Bug #86865 InnoDB does unnecessary work when extending a tablespace
Submitted: 29 Jun 2017 8:09 Modified: 30 Jun 2017 15:25
Reporter: Alexey Kopytov Email Updates:
Status: Verified Impact on me:
Category:MySQL Server: InnoDB storage engine Severity:S3 (Non-critical)
Version:5.7, 8.0 OS:Any
Assigned to: CPU Architecture:Any

[29 Jun 2017 8:09] Alexey Kopytov
I'm looking at a benchmark with a few writers (INSERTs constantly
increasing the tablespace) and many readers (SELECTs preferring the most
recently inserted data).

The major bottleneck for this kind of workload appears to be tablespace
extension in InnoDB. What happens is that when an INSERT needs to do a
page split, it calls btr_cur_pessimistic_insert() with the page X-locked
and the index tree SX-locked. btr_cur_pessimistic_insert() calls
fsp_reserve_free_extents() which eventually boils down to the following
code in fil_space_extend():

#if !defined(NO_FALLOCATE) && defined(UNIV_LINUX)
		int     ret = posix_fallocate(node->handle.m_file, node_start, len);
		/* We already pass the valid offset and len in, if EINVAL
		is returned, it could only mean that the file system doesn't
		support fallocate(), currently one known case is
		ext3 FS with O_DIRECT. We ignore EINVAL here so that the
		error message won't flood. */
		if (ret != 0 && ret != EINVAL) {
			err = DB_IO_ERROR;
#endif /* NO_FALLOCATE || !UNIV_LINUX */

		if (!node->atomic_write || err == DB_IO_ERROR) {

			bool	read_only_mode;

			read_only_mode = (space->purpose != FIL_TYPE_TEMPORARY
					  ? false : srv_read_only_mode);

			err = fil_write_zeros(
				node, page_size, node_start,
				static_cast<ulint>(len), read_only_mode);

So, assuming we are on a non-FusionIO device, InnoDB calls
posix_fallocate(), but then calls fil_write_zeros() on the allocated
file space, even if posix_fallocate() is available and succeeded.

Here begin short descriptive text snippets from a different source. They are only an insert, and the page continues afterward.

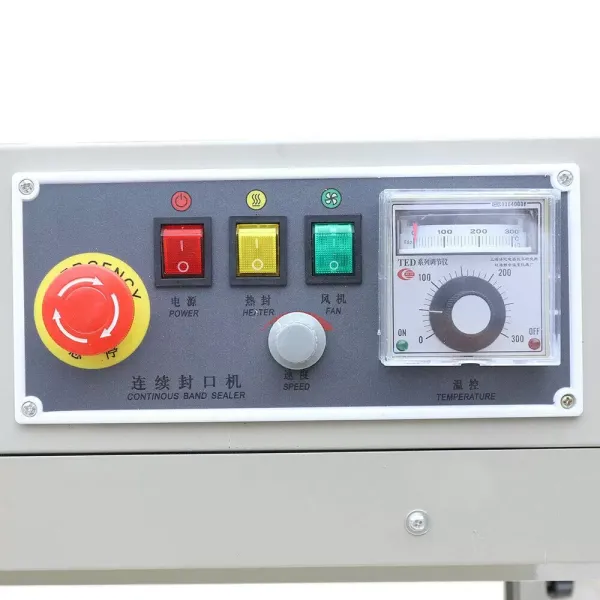 Plastique Machine à Sceller Automatique FR-770 Sceller Machine Électrique à Pression Manuel De Nourriture Scelleuse Thermique 800W 24m/min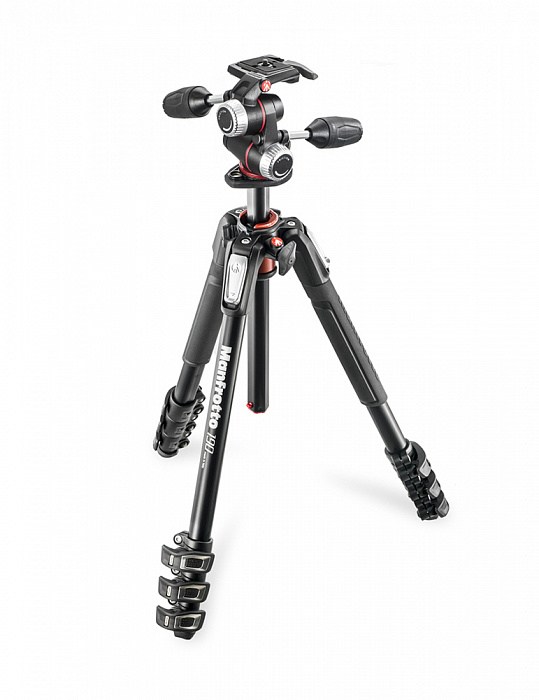 Manfrotto MK190XPRO4-3W - штатив + 3D-головка для фотокамер купить в интернет-магазине icover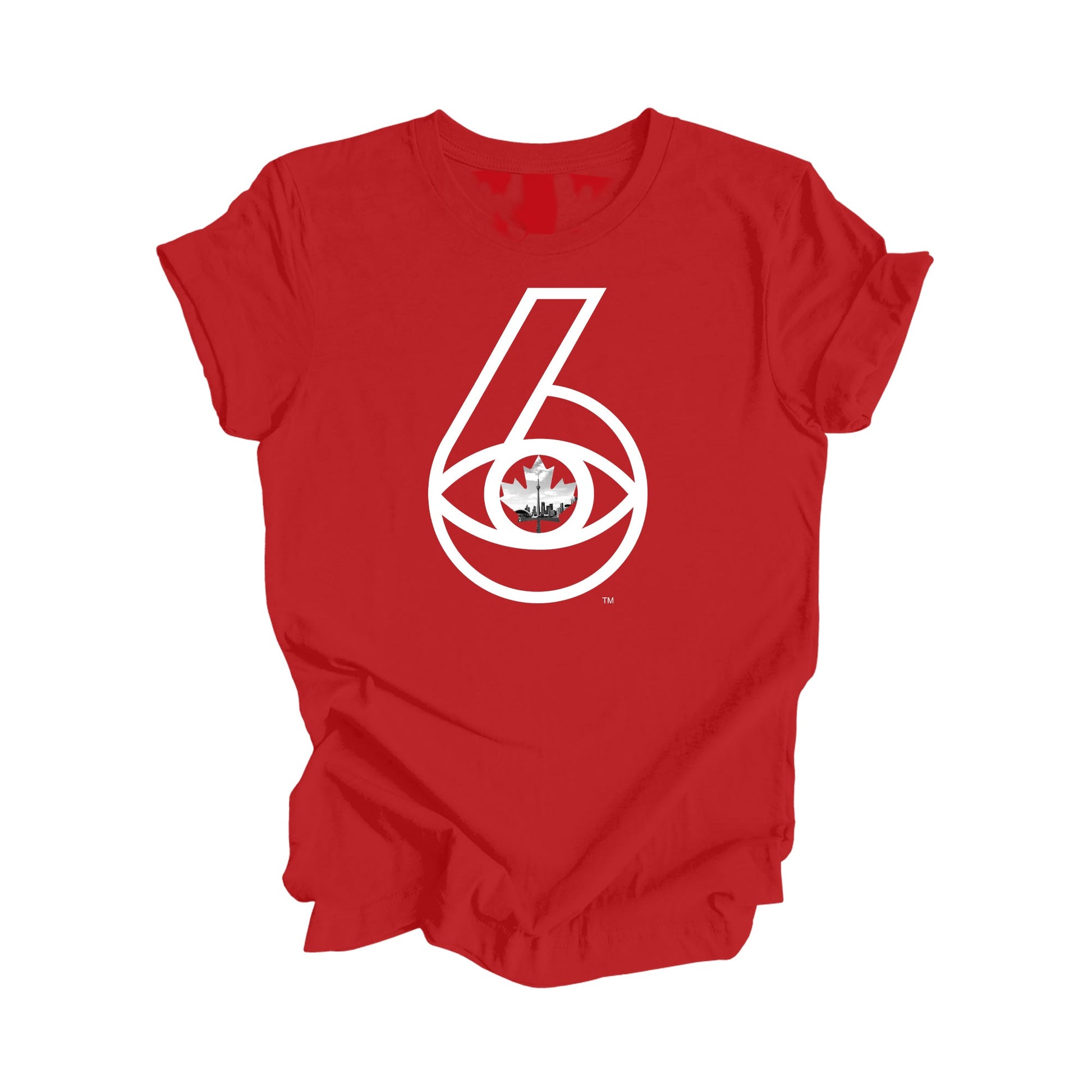 6 Visions Toronto Skyline - Toronto Gift Maple Leaf T-Shirt - Inspired X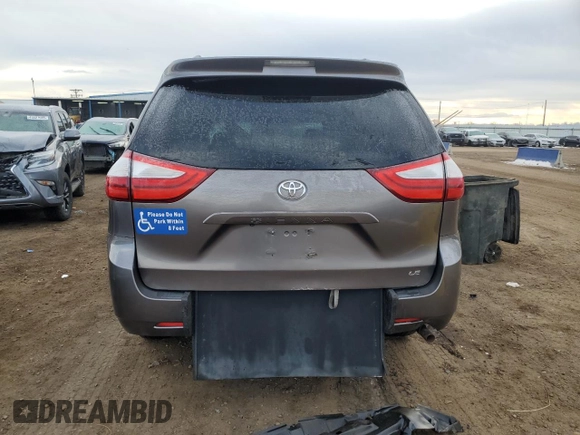 2015 Toyota Sienna LE AAS with VIN 5TDKK3DC7FS600755, listed as a Copart auction lot 45329985 with 228,301 mi miles and Salvage Title. Bid and sale history available at carsss.com. Image 6.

Which takes time on a busy disk, which in turn may block readers of the
page being split (which is a frequent situation, since readers prefer
recently inserted data) and writers (due to an SX-lock on the index
tree) for significant amounts of time.

I don't understand the purpose of fil_write_zeros() on a successful
posix_fallocate(). Regardless of the way posix_fallocate() is
implemented, the newly allocated space will be filled with zeros
automatically. On a reasonably recent Linux system, that will be done in
a more efficient way than physically writing zeroes.

I have a patch disabling fil_write_zeros() if posix_fallocate()
succeeded, which improves throughput in this kind of benchmark by
multiple times.

That code looks identical in both 5.7 and 8.0.

How to repeat:
It might be possible to simulate this workload with sysbench Lua, but I
don't have time to implement it right now. I may post it later, but
currently code inspection is the only way to verify.

Suggested fix:
Don't call fil_write_zeros() if posix_fallocate() succeeded.
[29 Jun 2017 14:48] OCA Admin
Contribution submitted via Github - Bug #86865: InnoDB does unnecessary work when extending a tablespace 
(*) Contribution by Alexey Kopytov (Github akopytov, mysql-server/pull/152#issuecomment-311943498): I confirm the code being submitted is offered under the terms of the OCA, and that I am authorized to contribute it.

Contribution: git_patch_128093743.txt (text/plain), 1.33 KiB.

[30 Jun 2017 15:25] Sinisa Milivojevic
Hi Kaamos, my friend,

My opinion is that this is truly waste of resources, so I am verifying this bug.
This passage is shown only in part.